I have a Maytag Neptune MDE4000AYW model dryer. I am using the regular cycle. The cycle starts at "more dry" and finishes at "off". Yet the clothes are often still very damp. The normal cycle takes about a hour yet when I restart it right after the first cycle it will finish in about 20 minutes and the clothes are typically dry. Sometimes, however, I do have to restart it up to 3 times before the clothes are completely dry. The exhause hose is clean. The distance from the interior exhaust hose mount to the exterior vent is only about 6 inches. I checked outside and there is a descent amount of heat coming from the vents when I run it with no clothes. The circuit breakers are fine. Any ideas?


----------



## octaneman

*Re: Maytag dryer not fully drying clothes*

Is it gas or electric ?


----------



## harri506

*Re: Maytag dryer not fully drying clothes*

Electric.


----------



## octaneman

*Re: Maytag dryer not fully drying clothes*

If you are up to the challenge and not afraid to get your hands dirty, you will need tools to do some fast mods on the timer. What you are going to have to do is open up the timer box and inspect the contact points for burns. First, remove the power cord from the wall if you do decide to take this route SAFETY FIRST!, take note of where everything is and mark it. When you pull the timer cover off there is a cam lobe assembly inside, be very careful to mark the flat edge of the shaft so when when you put everything back it's zeroed when you re-assemble it. Take a file and start grinding the contact points so its free of burns and scores. Once satisfied its clear re-assemble the timer. If you find it difficult to re-assemble, there is a retaining clip that has to be taken off to align everything.

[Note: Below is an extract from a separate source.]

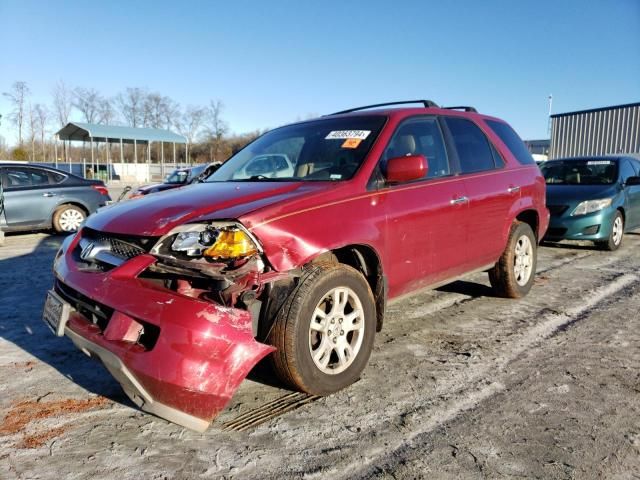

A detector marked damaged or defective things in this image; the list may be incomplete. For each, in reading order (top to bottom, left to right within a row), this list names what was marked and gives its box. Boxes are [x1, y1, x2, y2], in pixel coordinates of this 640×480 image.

crumpled front bumper [53, 232, 274, 432]
broken headlight [154, 220, 262, 258]
damaged red suv [42, 101, 548, 432]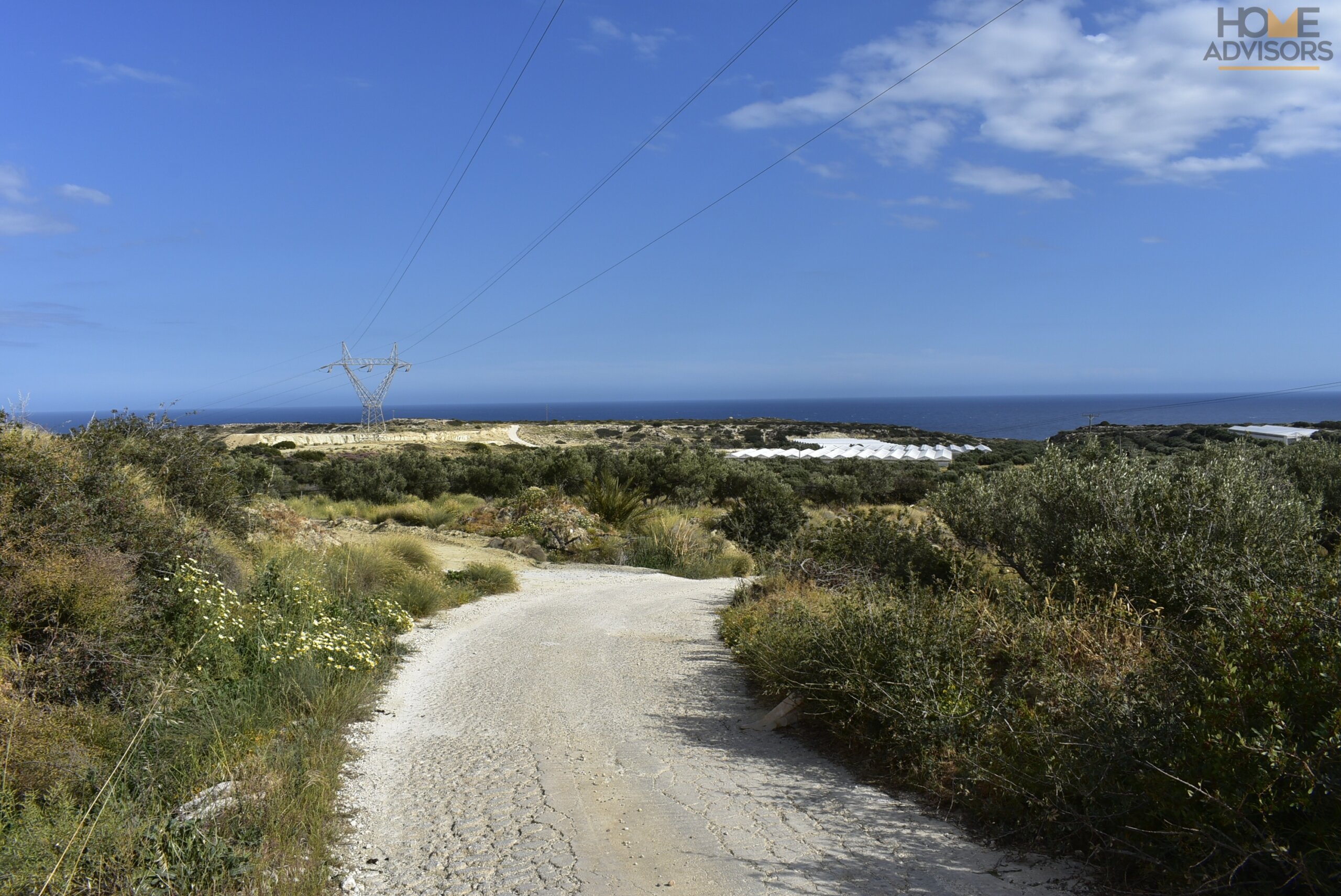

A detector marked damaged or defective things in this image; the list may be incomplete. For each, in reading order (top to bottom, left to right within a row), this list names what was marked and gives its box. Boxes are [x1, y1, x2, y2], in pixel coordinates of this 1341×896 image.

The clip is put on at factory to prevent people from tampering, but we wouldn't do something like that now would we ? :3-smash:


If you find all this too difficult have a professional service your dryer. 


Good Luck !


----------



## harri506

*Re: Maytag dryer not fully drying clothes*

That was exactly it! I've had this dryer for 10 years and have never had a problem. The contacts for that cycle were pretty bad probably because it was the only one I ever use. Our local "repair service" appliance technician was stumped because the exhaust hose was completely clear. You hit the nail on the head just by what I said and it's as good as new!

Thanks a million!
Harri506


----------



## octaneman

Anytime :4-clap:


----------